After removing the "-FollowSymLinks" from the statement, everything works as supposed.
If you're lucky enough to run your own mailserver under your own control, you can add a second line of defense: the use of realtime blacklists (somtimes also called realtime blocklist or RBL's) in your mailserver allows you to block potential spam when the spammer tries to deliver it to you. On EACH incoming email, the mail-server checks at least one of these RBL's. If the senders IP-address tests positive on this list, email delivery is instantly cancelled even BEFORE the mail-data is transferred to your server. There's a multitude of RBL's out there. Our server checks EACH incoming message against 5 different RBL's. Some of our users - including myself - post-check their messages again against other RBL's. I - for example - have all messages coming from Russia/China/Korea/Malaysia etc. tagged with the prefix "**SPAM**". This second (and third) line of defense makes life a lot esier!
And now the $1.000.000 prize question is: what hinders a programmer of these bugs to "steal" the user-agent string of - say - IE5.0?
Am I right in thinking that a bot camouflaging itself as IE50 would be COMPLETELY invisible to .htaccess rewrite rules?
I've been reading through this thread and having used htaccess to secure areas of other websites I thought I'd test out the concepts on a dormant web site on my server.
But when I add the file which contains :-
RewriteEngine On
RewriteCond %{HTTP_USER_AGENT} ^Zeus
RewriteRule ^.* - [F,L]
I find I can't get into any of the pages.
The site is a virtual site on a server I have root access to and I've checked the httpd.conf to see that rewriteengine is on in each of the virtual sites.
Can anybody suggest what I'm doing wrong?
Andy
Later update
I've checked my server logs and I'm getting the message:-
RewriteEngine not allowed here
So now I'm really confused
Later still update
Solved it, I needed to amend the access.conf to allow overide on fileinfo
I'm very impressed with the knowledge shown in this thread! I've read it at least once but I still have a question.

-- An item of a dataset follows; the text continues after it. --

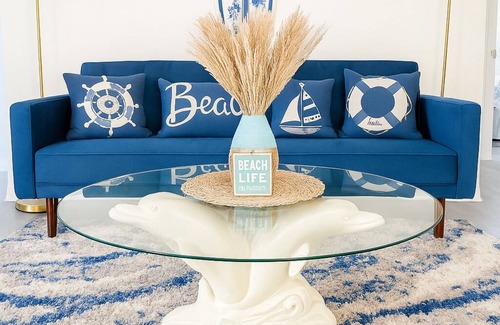 Bayview House | OV Beach Oasis: The Beach House- A 4 minute walk to the beach! Pet friendly!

What if you want to ban certain countries using ReWriteCond? How do I do that?
Right now I'm using:
deny from .at
deny from .bg
etc...
The problem with that is that it even denies my error pages so I'd like to switch over to ReWriteCond instead so that I can give them a page with a reason why they can't reach my site.
Another question... does anyone know how I test to see if the country ban is working correctly? wannabrowser.com works great for referrers but has no provisions for testing from offshore or from a specific IP location.
Thanks for the help.
Cheers,
Dennis
SetEnvIf Remote_Addr ^12\.40\.85\. getout
SetEnvIfNoCase User-Agent ^Microsoft.URL getout
<Limit GET POST>
order allow,deny
allow from all
deny from env=getout
</Limit>
This is working fine but how can I show a custom error message without implementing this all using mod_rewrite? Also how can I do a redirect if getout is set? Thanks.